Quest'album è forse il culmine artistico del grunge di Seattle, il frutto di un supergruppo comprendente il grande Layne Staley degli AIC, il chitarrista dei Pearl Jam Mike McCready, il batterista degli Screaming Trees Barrett Martin e il bassista di stampo blues John Saunders (scomparso anche lui come Staley).

Il suono di "Above" prende spunto dal grunge, ma lo rivitalizza, in un anno (il 1995) in cui il declino del genere era iniziato, ampliando il raggio delle influenze. Alcuni brani prendono chiaramente spunto dal grunge: "I don't know anything" si snoda su accordi e riff spietati e rocciosi, che i cloni simil -hanson Silverchair copieranno qualche tempo dopo. In "Wake up" e "I'm above" già si vede che la potenza grunge si sta sublimando in atmosfere più limpide e malate, grazie al cantato unico e irraggiungibile di Layne Staley, il quale in "Artificial red" regala un'altra prova straordinaria, elevandosi su un blues sensualissimo. Bellissima e struggente è "River of deceit", che si rivolge indietro verso i Led Zeppelin acustici, mentre a proposito di influenze anni 70 è certo space rock a venire omaggiato in "November hotel".
Il brano migliore è forse "Long gone day", lascivo bossanova in cui alla voce di Layne si affianca quella alcolica dell'altro fuoriclasse Mark Lanegan.
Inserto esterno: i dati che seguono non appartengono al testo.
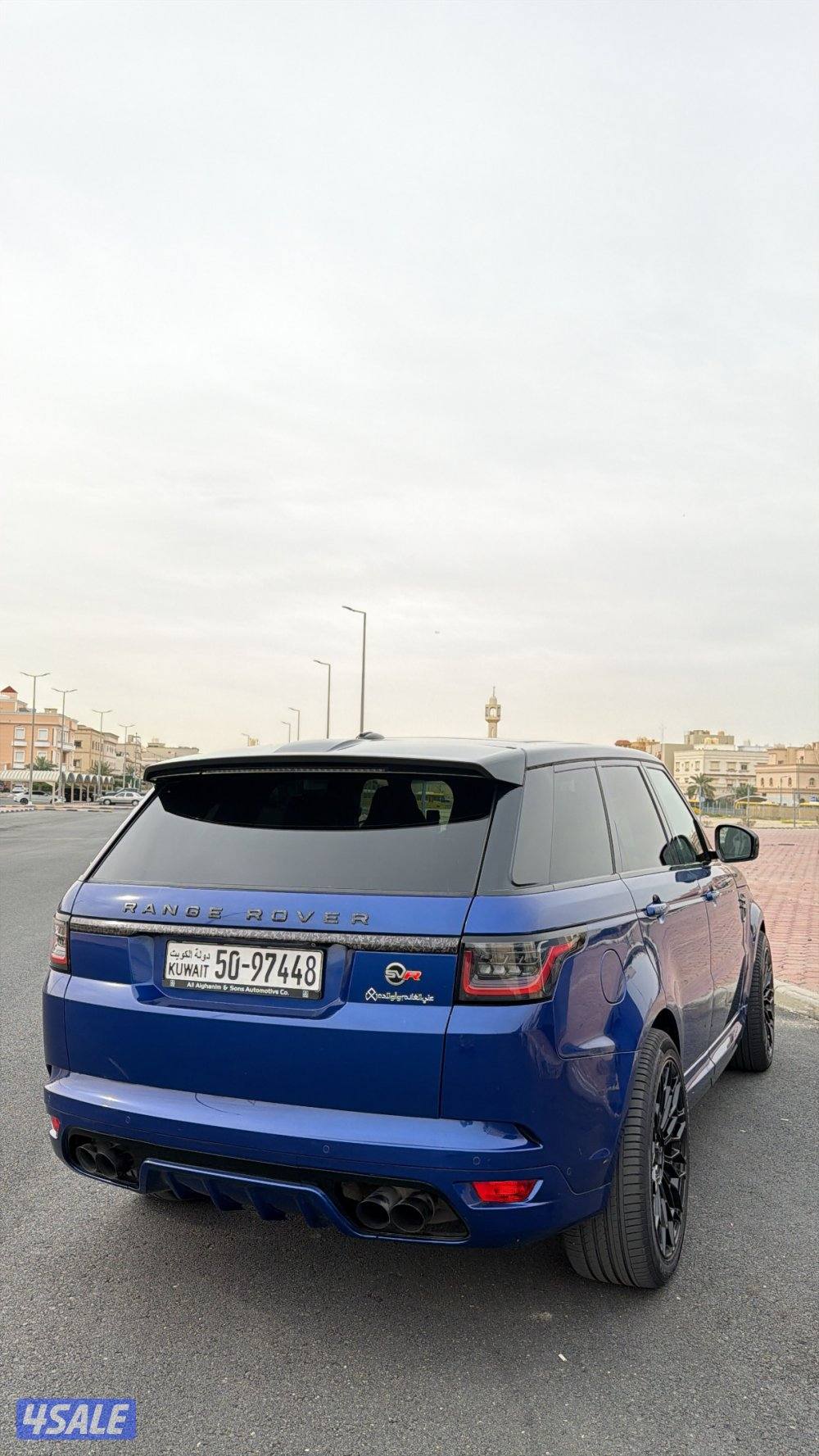 رنج روفر سبورت SVR اصلي2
Insomma un grande album, forse il migliore per comprendere la poetica del grande Staley, il quale è stato un po' dimenticato a vantaggio di Cobain (cosa che non riesco a spiegarmi), ma che ha espresso emozioni e poesia in maniera decisamente più profonda: cosa che dimostrerà soprattutto nell'omonimo album degli Alice in chains che uscirà di lì a qualche mese, a mio avviso il capolavoro di Alice.